Arafat's statements reflect the gap between the Israeli view that the final status remains open, while the PLO has repeatedly and publicly declared that it is seeking an independent Palestinian state.

``We are witnessing the birth of the Palestinian state,'' Arafat told supporters, explaining that the implementation of the agreement, regardless of how flawed Palestinians see it, will eventually lead to the attainment of their goal.

``It [the emerging Palestinian autonomy] is our baby, maybe some see it as frail, some may see it as too tiny ... it is our baby nevertheless, and it will need all the care we can give it,'' Arafat said, showing his irritation with the growing criticism.

Arafat's apparently contradictory statements are indicative of the uncertainty felt by the PLO leadership in Tunis, as it prepares itself to move to the autonomous zones and come to terms with the agreement it has bound itself to.

Most PLO officials and rank-and-file members here share Ara-fat's concerns over the erosion of the Palestinian constituency.

But his critics, including the two Palestinian architects of the Palestinian autonomy deal, Mahmoud Abbas and Muhammed Kouriah, say Arafat is simply blaming the Palestinians for impeding the process. Differences between Arafat and the two leading architects of the agreement vibrate in the PLO offices, where many have taken sides in favor of one camp or another.

``Arafat insists on his own interpretation of the agreement instead of adhering to the terms of the interim arrangements,'' says a PLO official close to Mr. Abbas. ``He will spoil everything.''

None of Arafat's critics, however, takes seriously or literally his controversial call for a jihad to liberate Jerusalem. Jihad, broadly defined in Arabic, means both struggle and holy war - or struggle for the sake of God.

Status of East Jerusalem

Arafat is eager to prove to Muslims that the PLO has not given up East Jerusalem. Although Israel and the PLO have agreed to defer negotiations over the future of the holy city to the final stage of the autonomy agreement, the two already have made up their minds about its future.
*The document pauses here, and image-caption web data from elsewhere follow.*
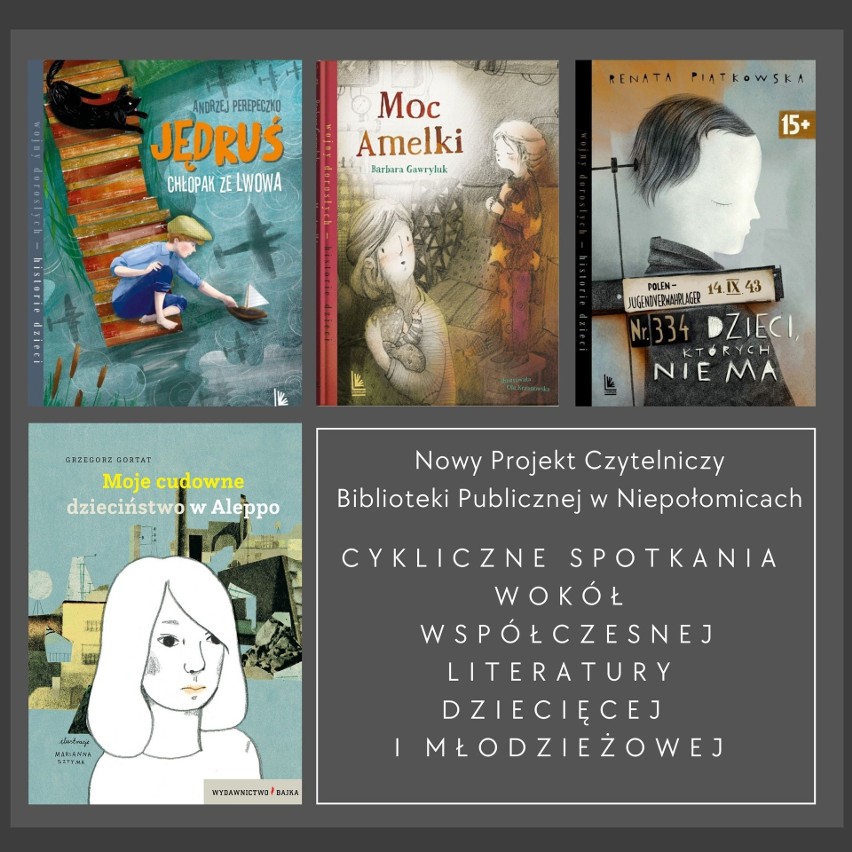 Nowy projekt Biblioteki Publicznej w Niepołomicach. Na początek – tematy wojenne w literaturze dziecięcej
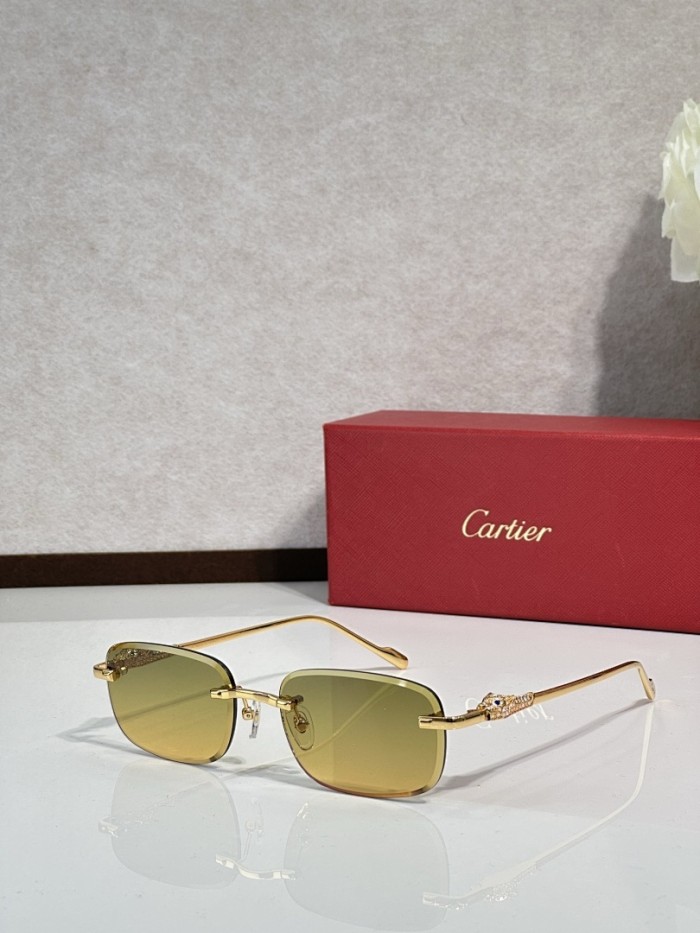 Cartier Sunglasses AAAA-12000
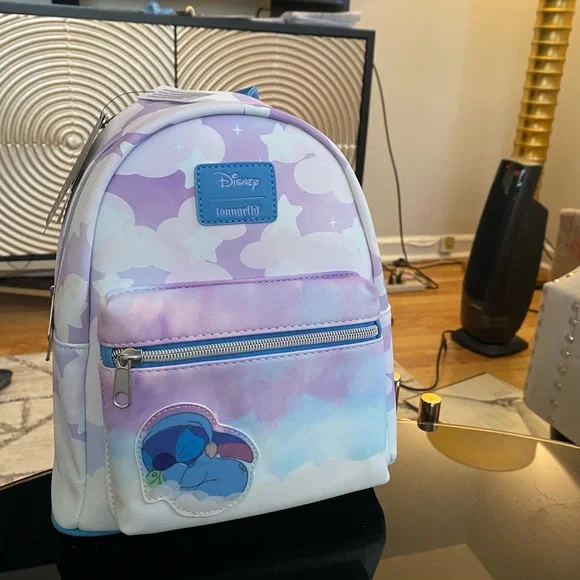Loungefly Disney Lilo and Stitch Sleeping Clouds Mini Backpack NEW Loungefly Disney Lilo & Stitch Sleep Cloud Mini Backpack  main image 3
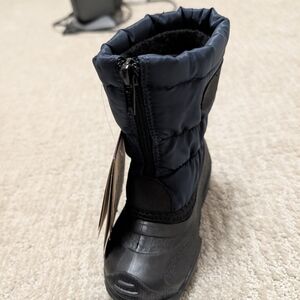 Kamik Navy and Black Kids Snow Boots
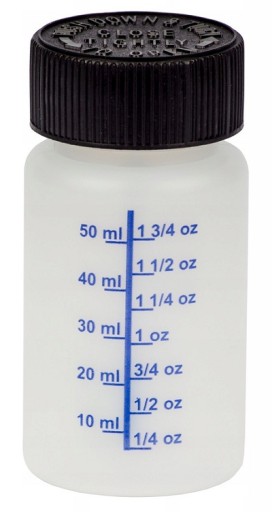 Fľaša s delenými kefami 50ml - 1ks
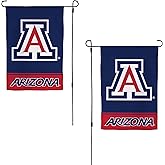 Desert Cactus University of Arizona UA Garden Flag – 19 x 12 inch Arizona Wildcats Banner, For Outdoor Display and Events (Design A)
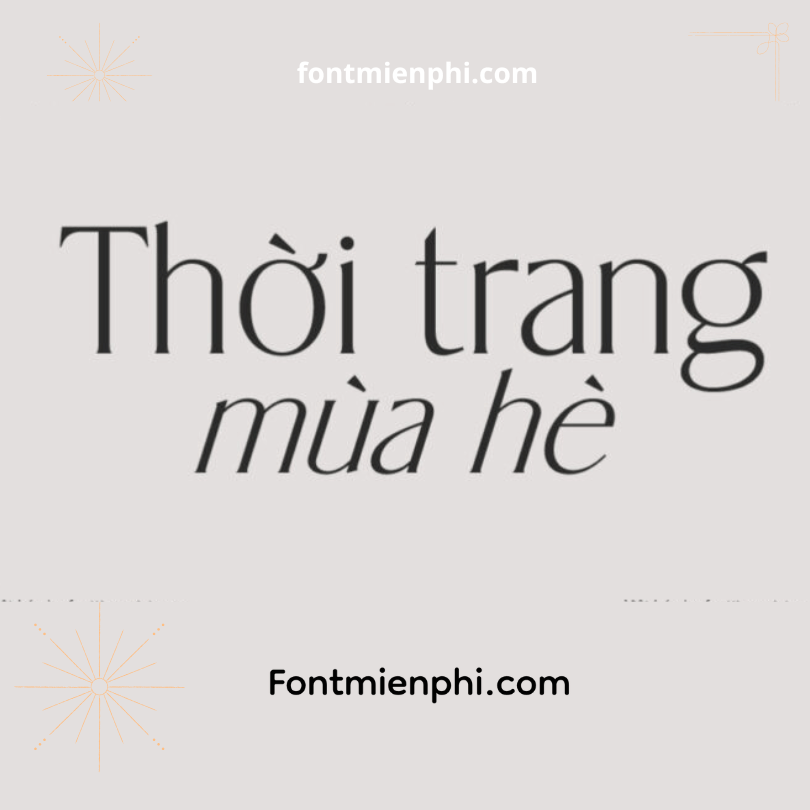 Font Việt hóa 1FTV VIP Alisheia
Israel considers the two sides of the city the unified eternal capital of Israel, while the PLO has never given up its goal of making the dominantly Arab East Jerusalem the capital of its future Palestinian state.

Arafat's use of the word jihad triggered strong Israeli reactions. ``In Arabic, jihad is mainly struggle through different forms, but in Israel and most of the West, jihad is connoted with violent struggle,'' explains Walid Sadiq, the Arab deputy minister of agriculture in the Israeli government.

``Arafat should know better. He is a politician, and he is responsible for the choice of his words,'' says Mr. Sadiq, who belongs to the leftist Meretz coalition that publicly calls for the establishment of a Palestinian state.

For Sadiq and other Israeli leftists, Arabs and Jews, statements like these strengthen the right-wing Likud party, which has pledged to annul the agreement if it regains power.